“周叔叔,您先进去,我……我在外面守着,看看有没有人跟过来。”
黑暗的防空洞入口,苏念慈的小手紧紧攥着冰冷的煤油灯,声音在刺骨的寒风中显得异常镇定。她没有立刻钻进那个能带来温暖的“家”,而是选择留在最危险的洞口,用她那双超乎年龄的警惕眼睛,扫视着风雪弥漫的巷子。
周文谦看着这个只有五岁的女孩,在经历了被勒索、找到藏身之所后,第一时间想到的不是自己的安危,而是殿后和警戒,心中那股震撼无以复加。他知道,这孩子身体里住着一个成年人的灵魂,一个比他还要坚韧、冷静的灵魂。
“好。”周文谦没有再多说,他知道此刻任何客套都是对她专业判断的侮辱。他抱着已经冻得有些迷糊的小石头,深吸一口气,顺着简陋的土阶,第一个走进了那片未知的黑暗。
苏念慈在洞口静静地站了足足五分钟。风雪很快就覆盖了他们留下的脚印,巷子里除了风声,再无其他声响。确认刀疤脸那群人真的已经走远,她才松了一口气,转身钻进了防空洞。

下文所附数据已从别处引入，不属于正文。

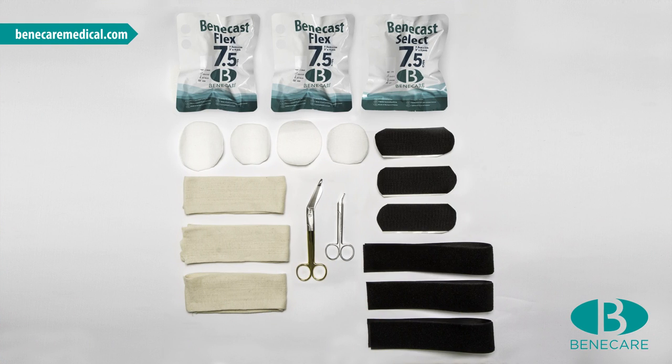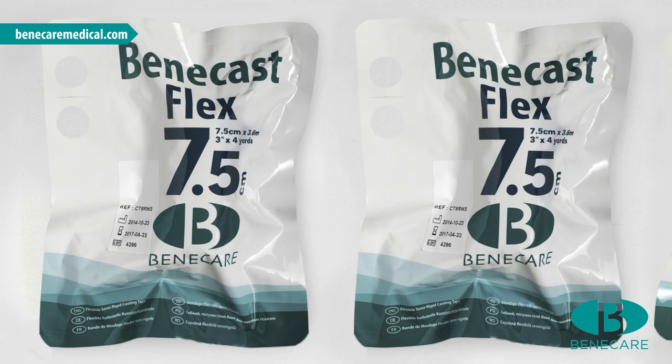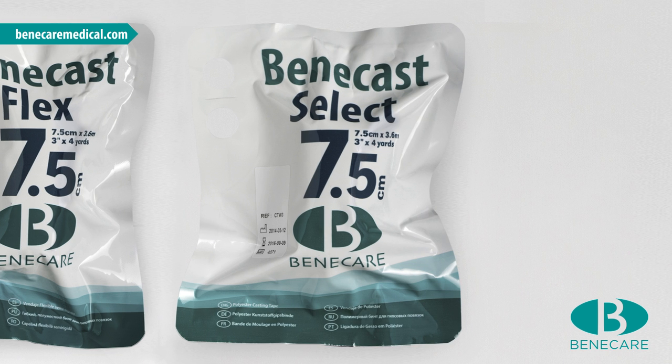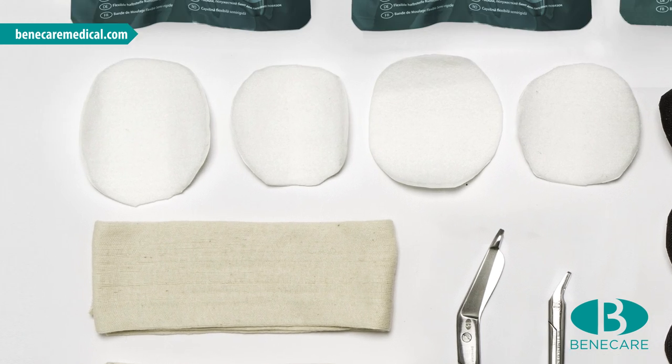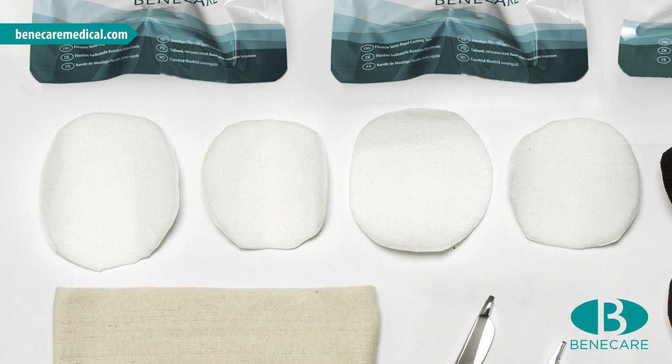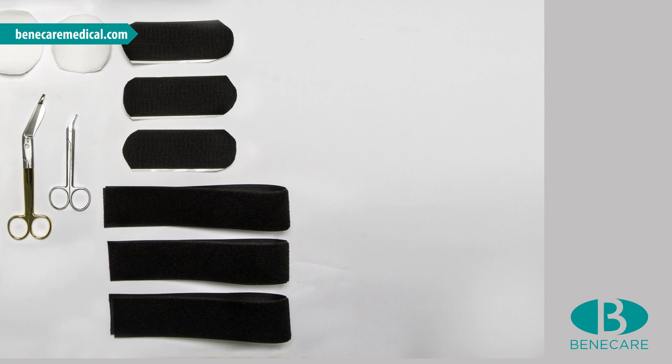The materials required for a below-knee combi-cast are 2 rolls of 7.5cm Benecast Flex, 1 roll of 7.5cm Benecast Select Polyester, 3 pieces of Benecare Stockinette, 2-3mm adhesive felt for the negative padding, and 3 pieces of 50mm Benecast Hook and Loop.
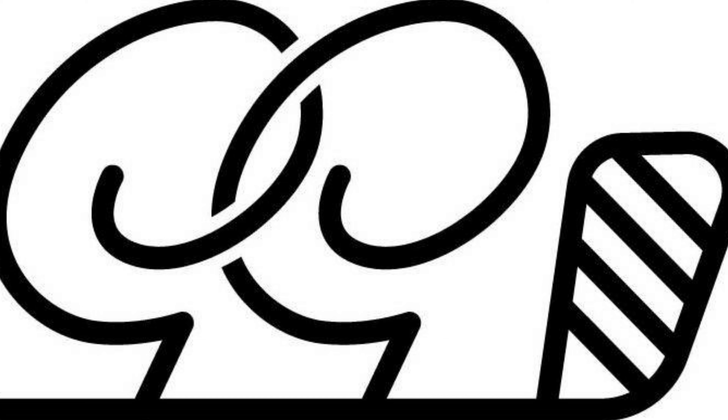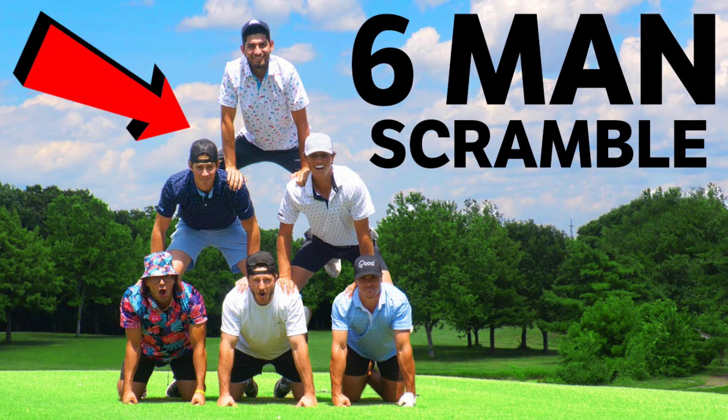Hey everybody, welcome back to Golf Test W, the channel where I use my game to help your game. Today I want to take a look at one of the Good Good Golf members. If you haven't heard of Good Good, they're a pretty big golf vlog YouTube channel. One of their members I believe has made a few changes and by my definition of a single-plane golf swing, he may fall into that category. I also want to try to distill this down to the very bare minimum requirements of what would constitute a single-plane golf swing.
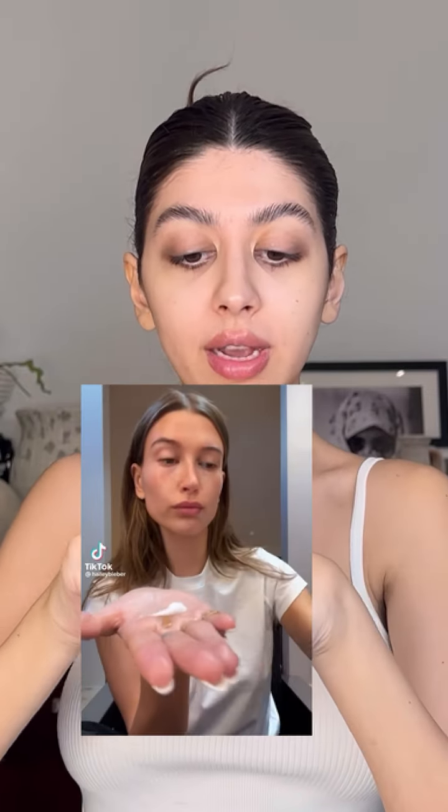I actually saw this next trick on Hailey's own TikTok. She had some face cream and then took some highlighter — the Fluid Sheer Armani Glow — and she mixed it into her moisturizer, so when she prepped her skin she actually looks super glowy. It's a pretty good trick. You could even put it on your neck, and it's going to make you look super glowy.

洞里的空气虽然混浊,带着一股土腥和霉味,但那种不再被寒风直接侵袭的感觉,还是让苏念-慈紧绷的身体瞬间放松了下来。她划亮一根火柴,点燃了那盏小小的煤油灯。昏黄的光芒在狭小的空间里跳动,驱散了一小片黑暗,也照亮了周文谦和小石头的脸。
小石头已经被放在了一片相对干燥的地面上,身上裹着周文谦的呢子大衣和苏念慈的旧军大衣,像个蚕宝宝。周文谦则只穿着一件湿漉漉的毛衣,冻得嘴唇发紫,正不停地搓着自己的手臂取暖。
“周叔叔,快,把湿衣服脱了!”苏念慈立刻命令道,语气不容置疑。她前世是医生,太清楚在这种环境下,穿着湿衣服会引发多严重的失温后果。
周文谦愣了一下,看着苏念慈那双严肃的、仿佛在手术台前指挥下属的眼睛,竟下意识地就服从了命令。他脱下湿透的毛衣,露出了还算健壮的上身。苏念慈立刻将那件硕大的、带着羊膻味的旧军大衣披在了他的身上。
“您先穿着这个,等生了火就好了。”苏念慈说着,开始用煤油灯,仔细观察这个临时的“家”。
这是一个大约七八平米的、半圆形的混凝土空间,应该是当年工事的一个节点。墙壁上渗着水渍,地上铺着一层潮湿的泥土。但在一个角落,却堆着一堆干枯的杂草和几块破旧的木板,看样子是刀疤脸他们平时用来取暖的。
“有燃料,太好了!”苏念慈眼睛一亮,这就是希望!
她迅速地将杂草和木板堆在一起,用火柴点燃。火苗一开始很微弱,冒着浓烟,但在苏念慈小心翼翼地吹拂和添柴下,终于,“呼”的一声,稳定地燃烧了起来!
一团橘红色的火焰,在这片冰冷死寂的地下空间里,熊熊燃起!
温暖,瞬间扩散开来!
“有……有火了!”周文谦看着那团跳动的火焰,声音都有些哽咽。他感觉自己仿佛从地狱回到了人间。
小石头也被火光吸引,他从大衣里探出小脑袋,乌溜溜的眼睛里,映着温暖的火苗,原本因寒冷和恐惧而紧绷的小脸,终于有了一丝放松。
苏念慈长长地舒了一口气,感觉浑身的骨头都软了。活下来了。今天,总算是活下来了。
她将周文谦换下来的湿毛衣和自己的外套,都架在火边烘烤。又从口袋里,掏出了她们仅剩的几个干硬的馒头。
“周叔叔,吃点东西吧。”她将一个馒头递了过去。
周文谦看着那个黑乎乎、硬邦邦的馒头,再看看苏念慈那张被烟火熏得像小花猫一样的脸,眼眶一热,一种巨大的愧疚和自责涌上心头。他一个大男人,一个大学教授,竟然需要一个五岁的孩子来保护,来拯救。他伸手接过馒头,却没有吃,而是郑重地对苏念慈说道:“念慈,谢谢你。今天,如果不是你……”
“周叔叔,我们是一家人。”苏念慈打断了他,语气平静而又坚定,“一家人,不说两家话。”
她将另一个馒头掰成小块,泡在军用水壶里那仅剩的一点温水里,泡软了,然后一小口一小口地,喂给小石头吃。
火焰噼啪作响,三个人围坐在火堆旁,默默地啃着干粮。在这与世隔绝的地下,他们第一次,感受到了末日求生般的相依为命。